**EXERCISE DIRECTIONS**
After locating the line with "K&ouml;nnte beinhalten: Marineblaues" below, output it and each following line exactly, stopping after the line with "a brick building". No pictures.

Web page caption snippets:
►

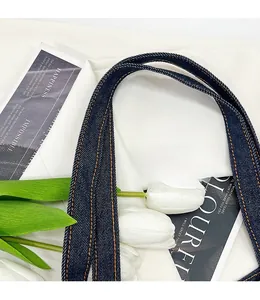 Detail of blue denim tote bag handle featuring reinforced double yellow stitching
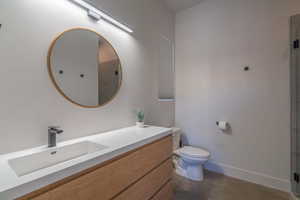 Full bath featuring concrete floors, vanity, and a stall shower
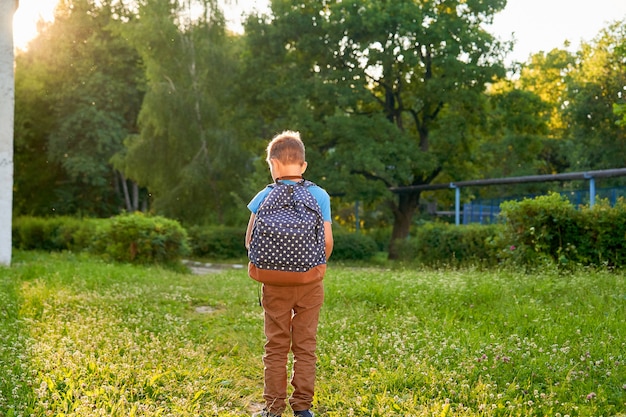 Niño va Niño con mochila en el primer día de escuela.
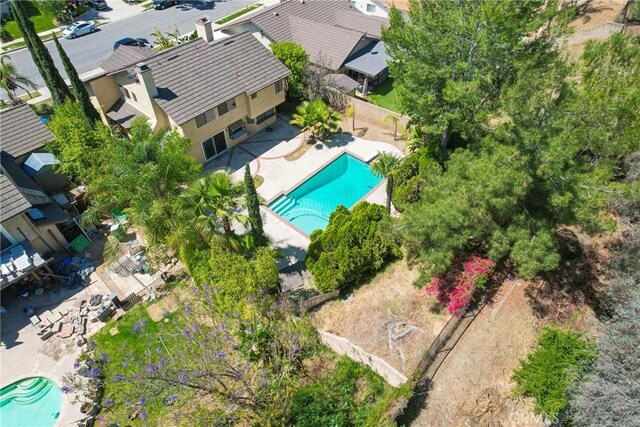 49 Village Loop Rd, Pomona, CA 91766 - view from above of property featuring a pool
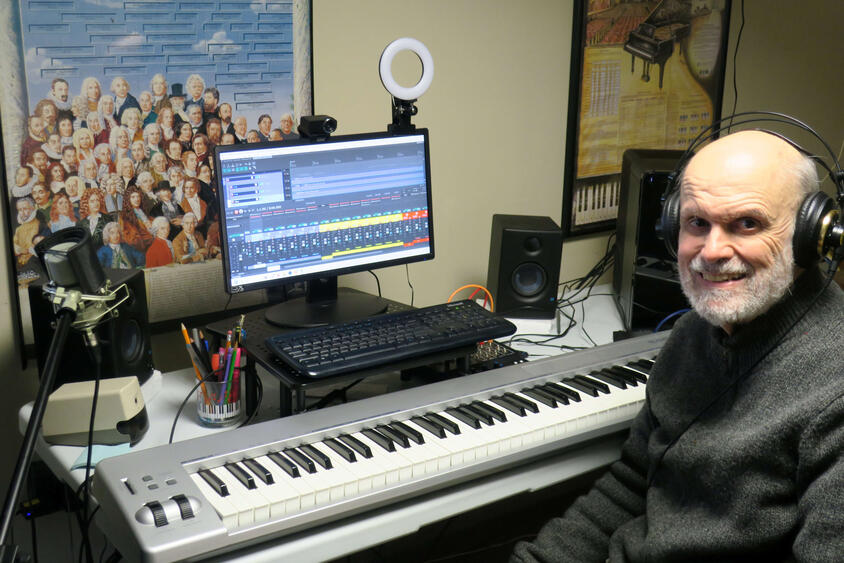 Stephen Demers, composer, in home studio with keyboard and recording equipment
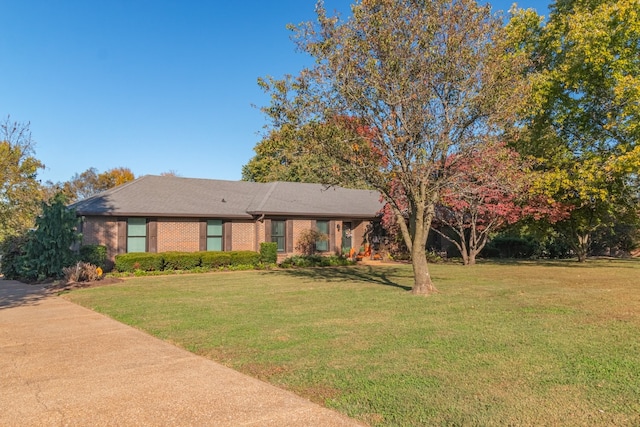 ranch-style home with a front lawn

◄
►

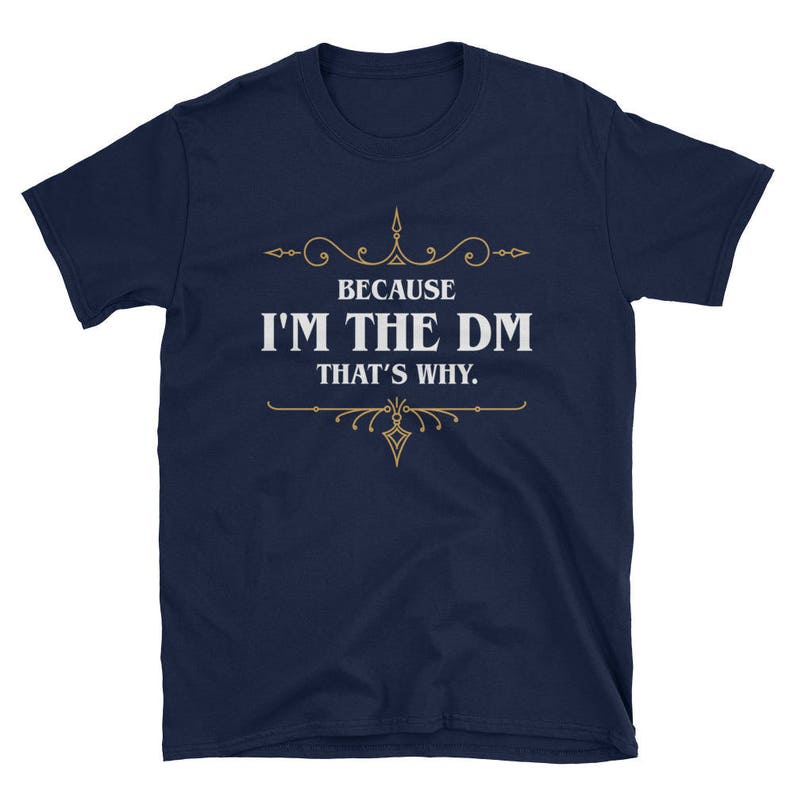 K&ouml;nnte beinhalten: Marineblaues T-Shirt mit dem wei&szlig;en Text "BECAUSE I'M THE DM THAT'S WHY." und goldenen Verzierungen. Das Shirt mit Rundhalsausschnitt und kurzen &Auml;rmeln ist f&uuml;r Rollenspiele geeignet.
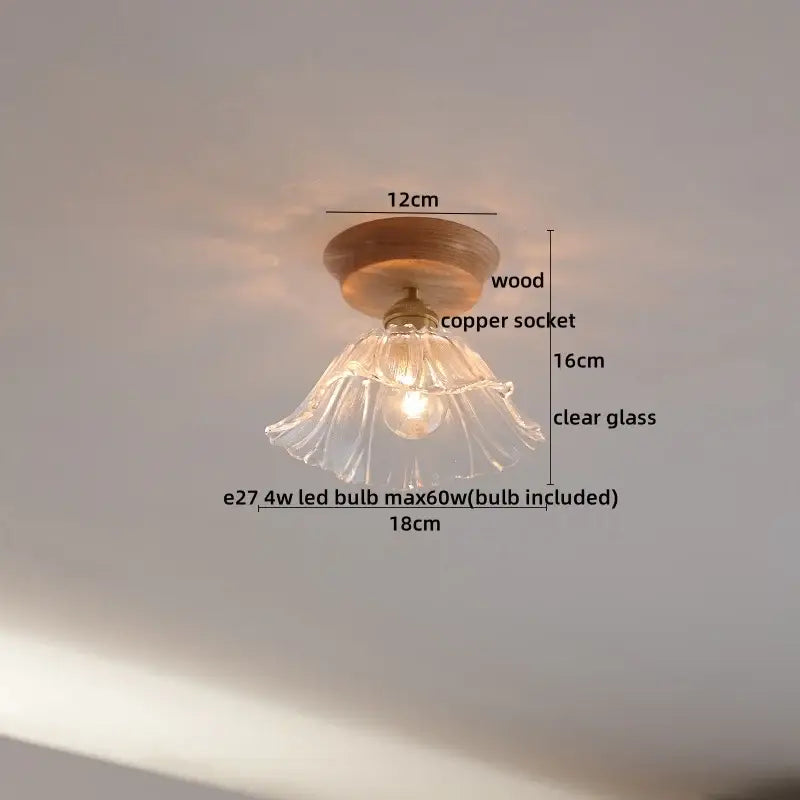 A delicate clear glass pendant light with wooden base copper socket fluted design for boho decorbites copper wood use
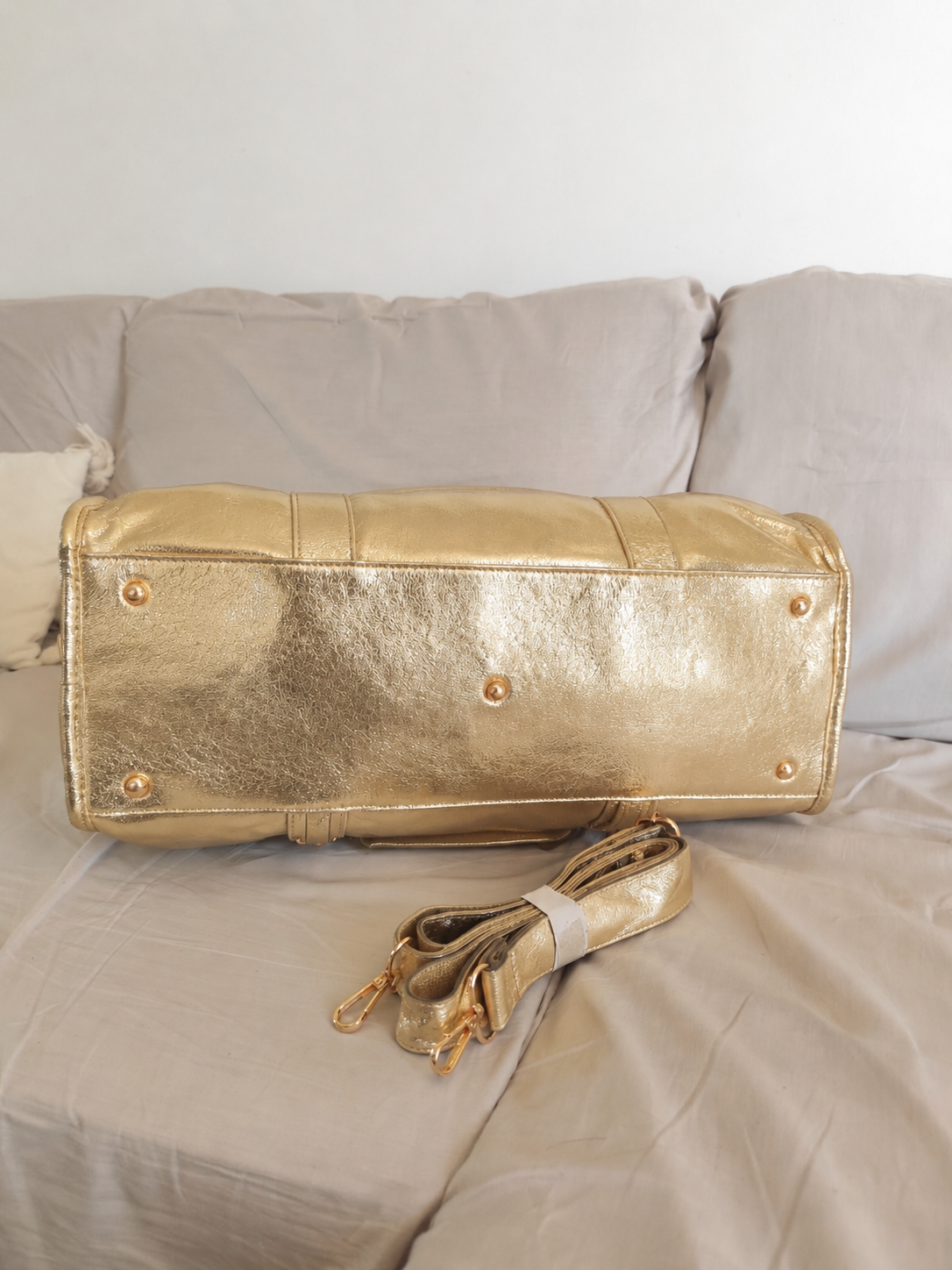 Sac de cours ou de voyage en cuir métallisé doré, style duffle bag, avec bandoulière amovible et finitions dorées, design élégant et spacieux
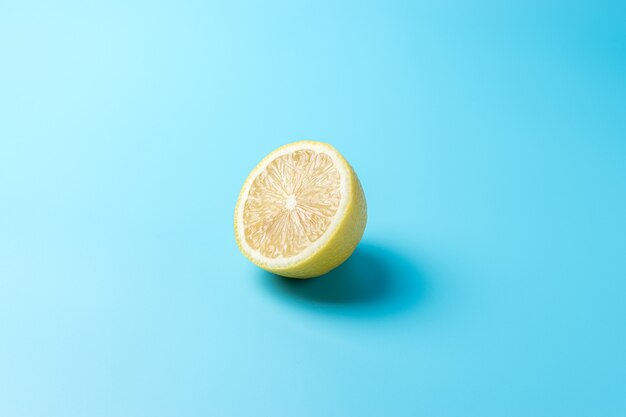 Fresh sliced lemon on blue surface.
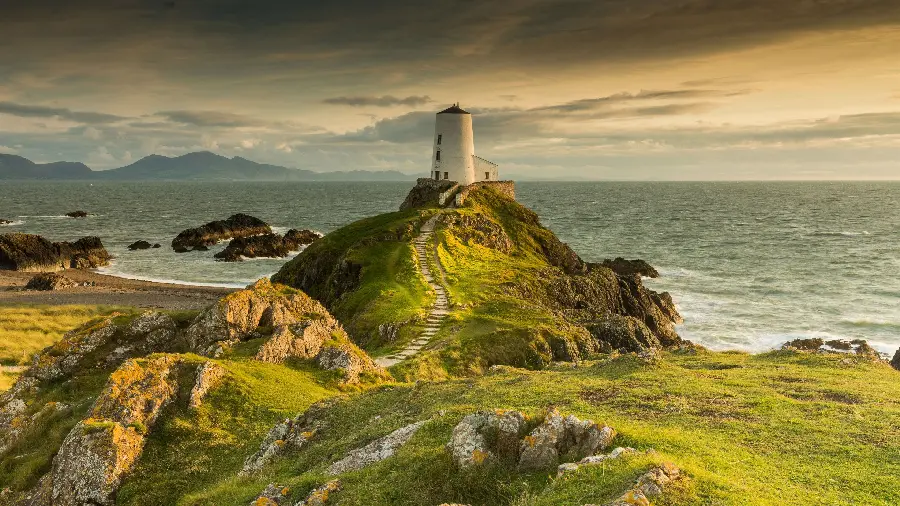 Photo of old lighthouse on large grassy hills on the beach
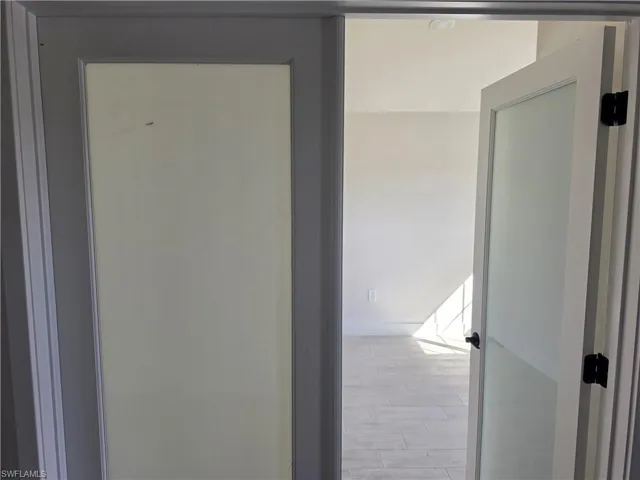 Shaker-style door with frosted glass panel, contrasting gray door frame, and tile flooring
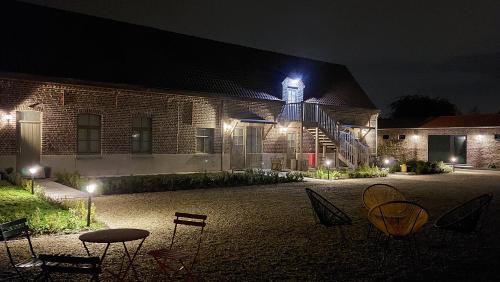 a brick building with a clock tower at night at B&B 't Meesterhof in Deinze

◄

**RESPONSE AREA**
 K&ouml;nnte beinhalten: Marineblaues T-Shirt mit dem wei&szlig;en Text "BECAUSE I'M THE DM THAT'S WHY." und goldenen Verzierungen. Das Shirt mit Rundhalsausschnitt und kurzen &Auml;rmeln ist f&uuml;r Rollenspiele geeignet.
 A delicate clear glass pendant light with wooden base copper socket fluted design for boho decorbites copper wood use
 Sac de cours ou de voyage en cuir métallisé doré, style duffle bag, avec bandoulière amovible et finitions dorées, design élégant et spacieux
 Fresh sliced lemon on blue surface.
 Photo of old lighthouse on large grassy hills on the beach
 Shaker-style door with frosted glass panel, contrasting gray door frame, and tile flooring
 a brick building with a clock tower at night at B&B 't Meesterhof in Deinze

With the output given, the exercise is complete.